Your goal>
From the entries below, print exactly the span beginning with the line holding "Custom Business Logo" and ending with the line holding "3-к кв. Пензенская", endpoints included, and skip any pictures.

Provided records>
________
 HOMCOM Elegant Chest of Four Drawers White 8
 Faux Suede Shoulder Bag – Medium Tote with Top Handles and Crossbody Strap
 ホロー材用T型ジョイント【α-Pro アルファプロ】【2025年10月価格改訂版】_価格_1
________
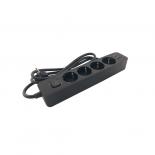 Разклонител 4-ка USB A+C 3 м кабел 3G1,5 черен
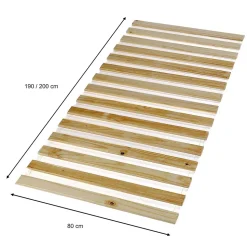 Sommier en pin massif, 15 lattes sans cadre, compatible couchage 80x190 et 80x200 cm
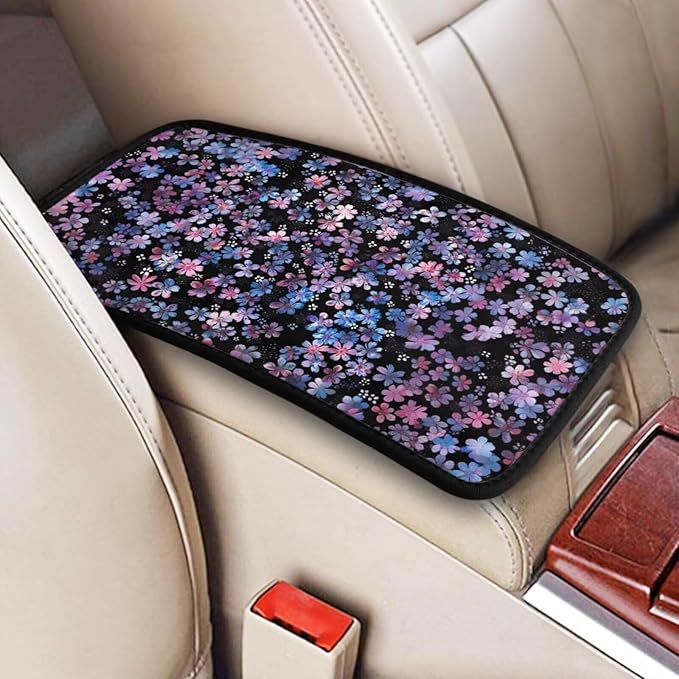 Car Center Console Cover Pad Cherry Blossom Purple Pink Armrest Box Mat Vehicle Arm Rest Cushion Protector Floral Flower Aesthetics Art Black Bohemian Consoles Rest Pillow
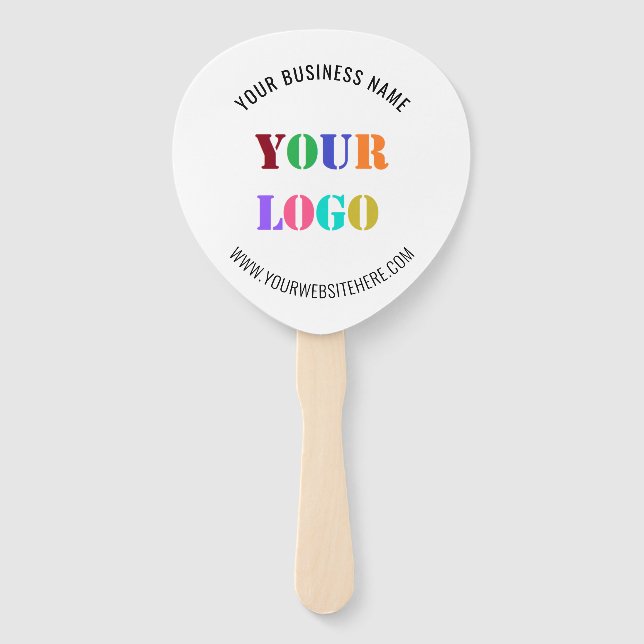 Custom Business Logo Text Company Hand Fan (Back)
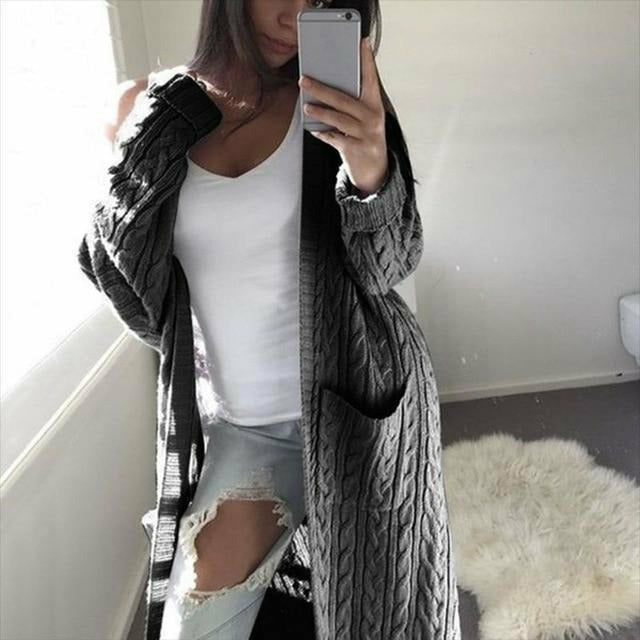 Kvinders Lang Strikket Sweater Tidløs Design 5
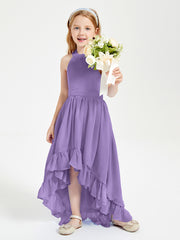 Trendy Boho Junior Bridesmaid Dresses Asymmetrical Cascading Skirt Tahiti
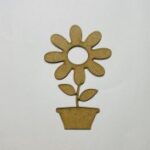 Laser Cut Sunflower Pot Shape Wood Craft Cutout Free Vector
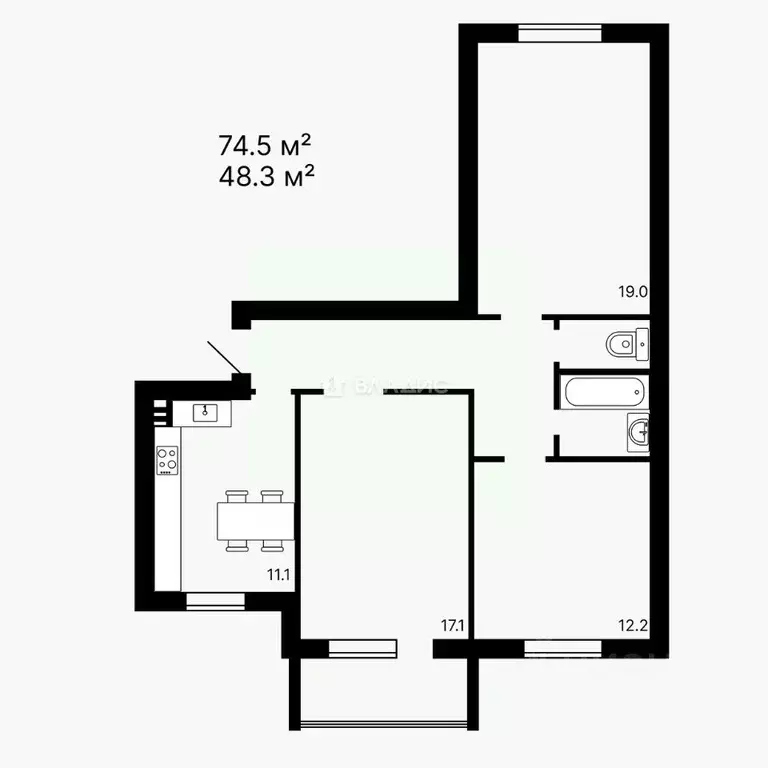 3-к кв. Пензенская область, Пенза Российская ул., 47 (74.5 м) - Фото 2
________
Task output>
 Custom Business Logo Text Company Hand Fan (Back)
 Kvinders Lang Strikket Sweater Tidløs Design 5
 Trendy Boho Junior Bridesmaid Dresses Asymmetrical Cascading Skirt Tahiti
 Laser Cut Sunflower Pot Shape Wood Craft Cutout Free Vector
 3-к кв. Пензенская область, Пенза Российская ул., 47 (74.5 м) - Фото 2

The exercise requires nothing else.